* Task requirements:
Copy verbatim the span of lines beginning at the line that contains "Chubby senior black" and ending with the final line of the data. Exclude pictures from the copy.

* Recorded data:

^^^^

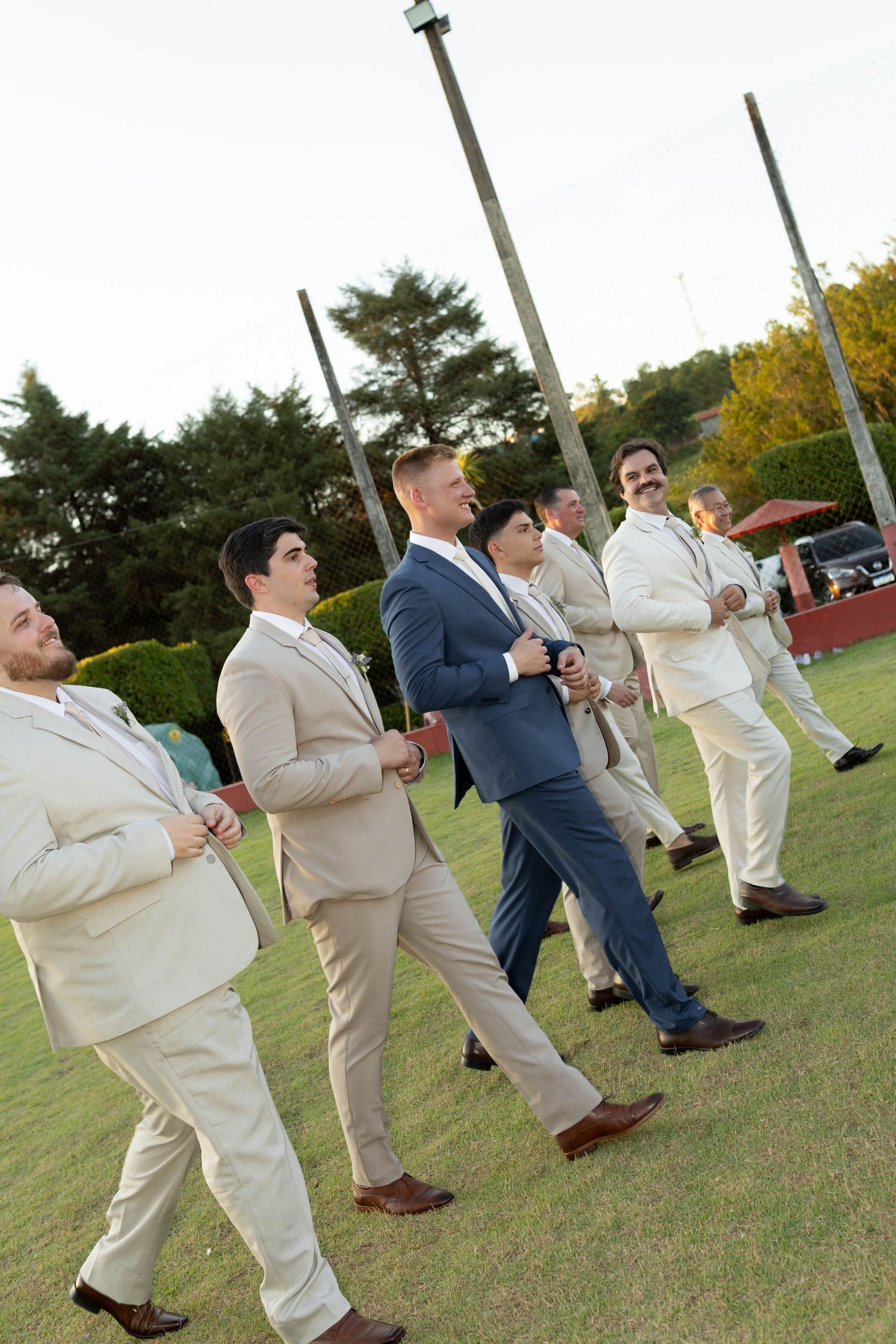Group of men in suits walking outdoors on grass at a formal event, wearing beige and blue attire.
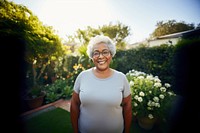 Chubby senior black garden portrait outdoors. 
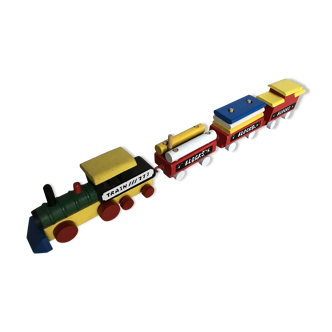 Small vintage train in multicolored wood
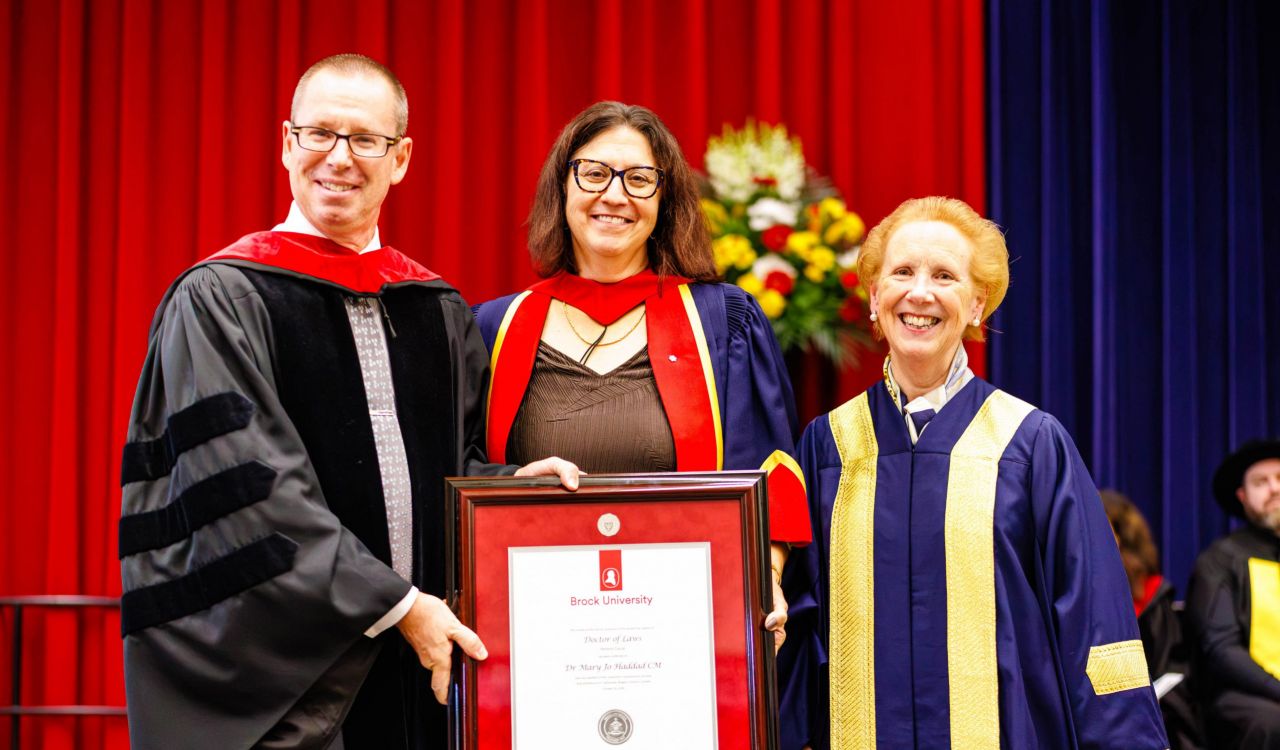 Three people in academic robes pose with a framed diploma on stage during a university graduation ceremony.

^^^^

* Task solution:
 Chubby senior black garden portrait outdoors. 
 Small vintage train in multicolored wood
 Three people in academic robes pose with a framed diploma on stage during a university graduation ceremony.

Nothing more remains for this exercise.